"It's the Most Wonderful Time of the Year" is a popular Christmas song written in 1963 by Edward Pola and George Wyle. It was recorded and released that year by pop singer Andy Williams for his first Christmas album, The Andy Williams Christmas Album. However, the song was not released as a promotional single by Williams' record label (Columbia Records) that year, as they instead opted to promote his cover of "White Christmas" as the official promo single from the album. The song peaked at No. 21 on the UK Singles Chart in 2007 and reached into the Top 10 consistently in the 2000s, peaking at No. 5 in 2020 on the Billboard Hot 100 singles chart in the USA.

History

Song content

The song is a celebration and description of activities associated with the Christmas season, focusing primarily on get-togethers between friends and families. Among the activities included in the song is the telling of "scary ghost stories," a Victorian Christmas tradition that has mostly fallen into disuse, but survives in the seasonal popularity of numerous adaptations of Charles Dickens' A Christmas Carol. Other activities mentioned include hosting parties, spontaneous visits from friends, universal social gaiety, spending time with loved ones, sledding for children, roasting marshmallows, sharing stories about previous Christmases, and singing Christmas carols in winter weather.

In a 2005 interview, Williams discusses how The Andy Williams Show figured into his recording of the song, first introduced in the 1962 Christmas episode: George Wyle, who is a vocal director, who wrote all of the choir stuff and all of the duets and trios and things that I did with all the guests, he wrote a song just for the show – I think the second Christmas show we did – called 'Most Wonderful Time of the Year'. So I did that, you know, every Christmas, and then other people started doing it. And then suddenly it's become – not suddenly but over 30 years – it's become a big standard. I think it's one of the top 10 Christmas songs of all time now.

Although Williams recorded multiple other versions throughout his life, the original 1963 version remains the most popular and well-known.

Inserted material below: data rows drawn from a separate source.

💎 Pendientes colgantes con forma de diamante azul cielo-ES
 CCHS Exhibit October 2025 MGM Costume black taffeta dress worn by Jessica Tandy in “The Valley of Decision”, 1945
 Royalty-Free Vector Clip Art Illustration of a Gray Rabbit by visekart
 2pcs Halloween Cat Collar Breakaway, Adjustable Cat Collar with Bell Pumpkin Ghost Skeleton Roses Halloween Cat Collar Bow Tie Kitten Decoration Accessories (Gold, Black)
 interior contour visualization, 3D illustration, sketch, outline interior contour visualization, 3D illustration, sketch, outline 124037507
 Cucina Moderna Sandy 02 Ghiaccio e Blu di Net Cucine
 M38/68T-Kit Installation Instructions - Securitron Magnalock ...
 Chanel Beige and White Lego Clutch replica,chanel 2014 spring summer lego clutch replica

The song was selected as the theme song for Christmas Seals in 1968, 1976, 2009 and 2012.

Other notable versions
 1986: Johnny Mathis, for his album Christmas Eve with Johnny Mathis. This recording later made both the Billboard Holiday 100 and Holiday Airplay charts during the 2000s and 2010s.
 1992: Amy Grant for her album, Home for Christmas.
 1997: Peabo Bryson for his album, Peace on Earth.
 1999: Garth Brooks, for his album Garth Brooks and the Magic of Christmas. Brooks also became the first artist to chart a version of the song in North America, as his remake peaked at No. 56 on the Billboard Hot Country Singles & Tracks chart on the week ending January 8, 2000.
 2003/2004: Andy Williams, in a shorter, more upbeat version for the 2004 film Surviving Christmas.
 2008: Harry Connick Jr., for his album What a Night! A Christmas Album. This recording peaked at No. 9 on the Billboard Adult Contemporary chart on the week ending December 20, 2008.
 2008: BarlowGirl, for their album, Home for Christmas. This recording peaked at No. 21 on the Billboard Hot Christian Songs chart and at No. 25 on the Billboard Christian AC Songs charts (both on the week ending January 3, 2009).
 2015: Kylie Minogue for her album, Kylie Christmas.
 2020: Stevie Mackey, Jennifer Lopez and The Eleven for Mackey's album, The Most Wonderful Time. This recording peaked at No. 24 on the Billboard Adult Contemporary chart on the week ending December 19, 2021.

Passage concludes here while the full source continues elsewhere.